À l’encre de tes cieux

J’ai commandé un stylo plume, encore un. Le stylo n’est pas le sujet de ce billet — son tour viendra cependant — qui est consacré à la cartouche bonus l’accompagnant.

Couleur

Il est toujours délicat de parler d’une teinte sachant que toute personne dotée d’yeux considérés comme fonctionnels a sa propre perception des nuances colorées. Nos yeux ne sont pas des spectromètres calibrés ; aussi mes observations seront à prendre comme des ressentis, des évocations.

L’appellation « bleu noir » (traduction littérale de blue black) n’est pas usurpée. Cette encre est avant tout de couleur bleue dans une nuance foncée et en aucun cas une encre noire avec des reflets bleutés. Cela ne surprendra pas les connaisseurs de la marque Platinum qui savent qu’elle ne s’encombre pas de poésie dans ses libellés mais tend au descriptif aride. On n’est pas chez Jacque Herbin que diable !

Pour essayer d’aller plus loin dans la description de la couleur, je parlerais d’un bleu discret et sobre qui s’inscrit sur le papier avec un bon contraste sans crier sur le lecteur.
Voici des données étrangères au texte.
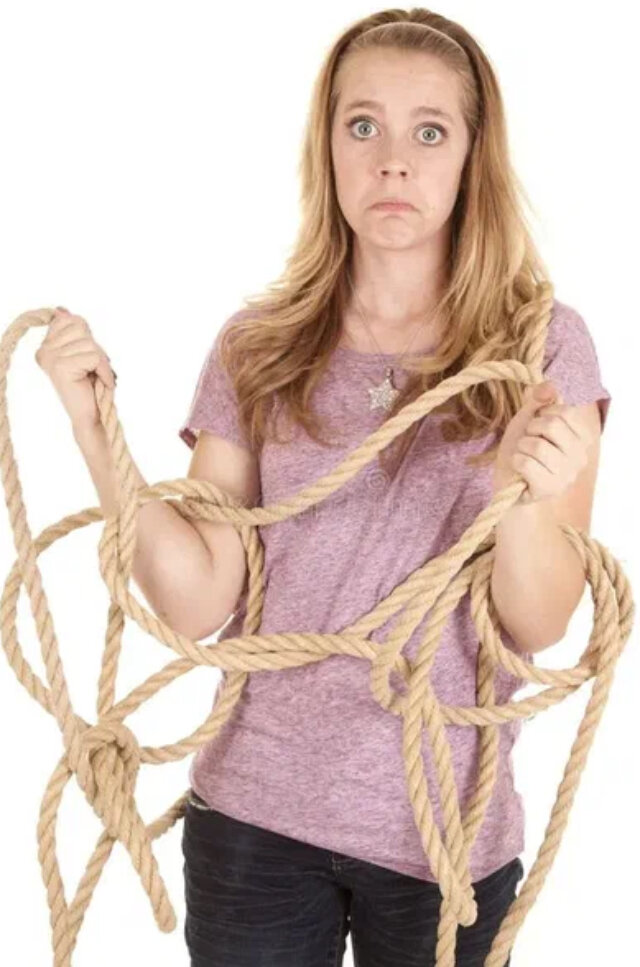 Девушка в веревках. Веревка для связывания. Связанная веревкой. Связаны девочки веревкой. Связанная девочка.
Blue Black pourra couvrir tous vos besoins de manuscrit : de la lettre d’amour au courrier de résiliation à France Loisirs en passant par la demande d’augmentation.

Comportement

Le rendu est mat, même au sortir de la plume. Il est également assez homogène. La pression que j’applique en écrivant n’est pas régulière[1] et pour autant le tracé final ne résulte pas en une succession de dégradé de bleu. Si bien sûr la plume joue un rôle non nul dans cette appréciation, l’opacité de l’encre et la qualité de la pigmentation entrent en compte.
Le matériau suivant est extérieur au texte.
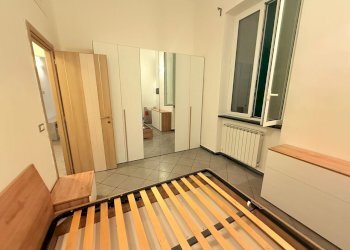4.3 CAMERA.jpeg - Appartamento via borzoli  33, Genova (zona Sestri Ponente) - foto 12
J’ai essayé la Blue Black sur divers papiers dont je disposais (et je possède bien trop de carnets et papiers différents) car, après tout, l’encre seule ne sert à rien (encore moins dans une cartouche qui ne peut décorer un bureau comme le peuvent les flacons d’encre en verre) sans papier pour la recevoir.
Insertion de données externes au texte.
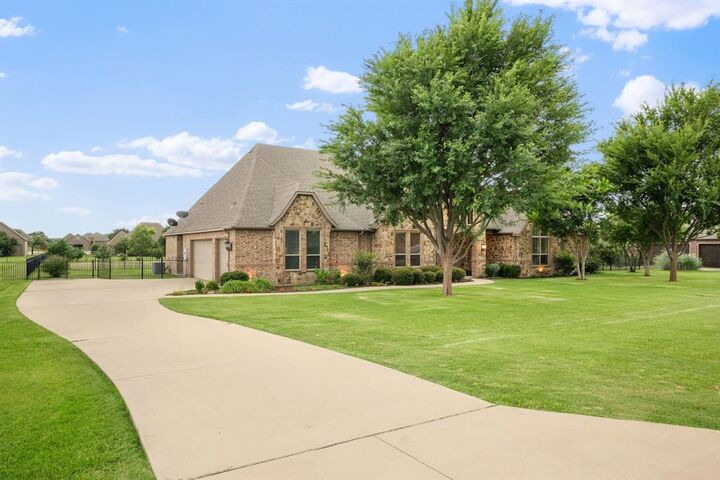 Property Photo: 1929 Canyon Road TX 75009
Que ce soit sur du papier machine recyclé premier prix, le papier quadrillé d’un carnet A6 de marque distributeur, le papier épais et texturé de cartes de correspondance, le papier ivoire d’une carnet art création de Talens ou le Montval de Canson, l’encre Blue Black se comporte très bien. Sur le papier recyclé elle se tient même, à ma surprise, mieux que la Carbon en se diffusant à peine, voir pas, dans les fibres alors que cette dernière emprunte quelque fois des chemins de traverse (certes brefs et contenus) dans les défauts du papier.

En conclusion

Je ne suis pas le plus grand utilisateur des encres bleues. Peut-être leur utilisation obligatoire lors de mes jeunes années passées sur les chaises de l’Éducation nationale m’en ont vacciné. Je pourrais cependant faire une exception pour celle-ci et qui sait, peut-être commanderai-je un jour un flacon « Blue Black » qui rejoindra ses homologues « Carbon » et « Brun Sepia » sur mon bureau, à portée de convertisseur.